“We were able to double our supplies," said Jane McCulloch, the prevention program manager with the Colorado Health Network.
The supplies she's referring to, includes the amount of naloxone, a life-saving medicine that reverses the effects of an opioid overdose.
The program, while mainly serving as an anonymous syringe access program, also provides fentanyl test strips and naloxone to anyone that asks for it, and no photo ID is required.
"So after we have done a syringe exchange that will be part of our standard offering to participants, and they will either be new to having Narcan and fentanyl test strips, in which case we will train them as to how to use them, or they will be here for replacement supplies," McCulloch said.
The overdose deaths of five people at an apartment in Commerce City last month has highlighted the methods to stop it from happening again. Police said the victims ingested cocaine laced with fentanyl.
Recently, the city and county of Denver started offering naloxone and fentanyl testing strips to Denver residents for free, but other organizations, like Colorado Health Network among others, have been combatting fentanyl-laced drugs in a similar way for a while now.
"It's vitally important, particularly in the climate that we have today. It helps save lives, and that's the simple answer," McCulloch said referring to distributing naloxone.
Longtime, consistent demand
McCulloch explained that they believe there has been an increase in fentanyl being used in products "across the board" for nearly all substances that are available on the street today.
According to the Colorado Department of Public Health and Environment (CDPHE)'s dashboard that tracks this data, there were 49 fentanyl-related overdose deaths in Colorado in 2016. In 2021, there were 803 related deaths, and that data is not final.
In addition, the Drug Enforcement Administration's (DEA) Denver division has seized about 800,000 fentanyl pills in the past five months alone, 10 times more than the 80,000 seized in 2019.
For use of the Access Point program in general, McCulloch said that the number of people utilizing the service has remained "pretty steady," but acknowledges that the few months of this year have seen more people coming in compared to the first few months of 2021.
In 2021, they helped around 5,000 people.
"I think what is altered is the demand for fentanyl test strips and Narcan, for carrying that," she said. "The demand has been on the increase for a long, long while.
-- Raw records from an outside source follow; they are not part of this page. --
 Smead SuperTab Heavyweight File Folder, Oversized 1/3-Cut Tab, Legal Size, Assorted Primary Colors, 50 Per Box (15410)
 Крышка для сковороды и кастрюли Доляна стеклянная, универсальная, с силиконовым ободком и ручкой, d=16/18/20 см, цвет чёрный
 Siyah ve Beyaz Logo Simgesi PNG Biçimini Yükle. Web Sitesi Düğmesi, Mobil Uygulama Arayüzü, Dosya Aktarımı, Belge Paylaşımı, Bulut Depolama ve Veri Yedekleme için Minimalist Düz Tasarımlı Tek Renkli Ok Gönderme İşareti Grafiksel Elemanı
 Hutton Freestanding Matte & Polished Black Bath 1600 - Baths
That demand has been on the increase as products have become adulterated with fentanyl, unfortunately, there were a lot of deaths which were bizarre to people."
Because of the pandemic, Access Point had only been operating three days a week. But, due to demand, along with the drop in COVID-19 cases, they expanded back to five days a week.
“I was desperate to get back to five days a week – desperate – the need was just growing and growing," she said, adding that fortunately, their funding has increased, resulting in a growth to their supply.
"Because what we're basically saying is, you know, you should test every time now because you don't know, you don't know what's in that product," she said.
They recently had larger shipments of Naloxone, which included double-doses of the medicine.
Part of the reason for larger shipments is that they're seeing in some cases, that more doses of naloxone is necessary to actually reverse a particular overdose.
"And therefore, we're trying to get to the situation where we are not limiting Narcan distribution, but giving out as many doses are required to handle those situations," said McCulloch.
She added that part of the increase in the amount of people they see is because they're now able to provide smoking kits, which she said is a safer alternative than injection drug use.
A progressing conversation around stigma
McCulloch acknowledged the stigma surrounding some prevention services, but used the example of alcohol abuse to help explain why their goal is harm reduction, not enabling.
"I think the realization is the biggest substance abuse that we have in this country, in fact, most countries is alcohol. So, I think anybody who is an alcohol user has to accept that substances are used. And that's the basic principle – substances are used, they will always be around, they have always been around. But, what we are after is harm reduction. We are trying to make it the safest it possibly can be. Acknowledging that that use will always be there," she said.
McCulloch meets with people through consultations before providing the program's kits, and said she can feel the conversation progressing.
"And I do know that if you are a good service provider that brings more people in, that raises the awareness of it, more people feel less stigma attached to coming to syringe exchange programs. And there are several inside of Denver that are available to them. Not only us," McCulloch said. "I think my message would be, please support them. Please understand that syringe exchange programs do not increase drug use. They are about harm reduction. They are about saving lives. They are about giving everybody the best possible chance at wellness."
The Harm Reduction Action Center in Denver provides similar services, and CDPHE has a program that allows schools to apply for free shipments of naloxone.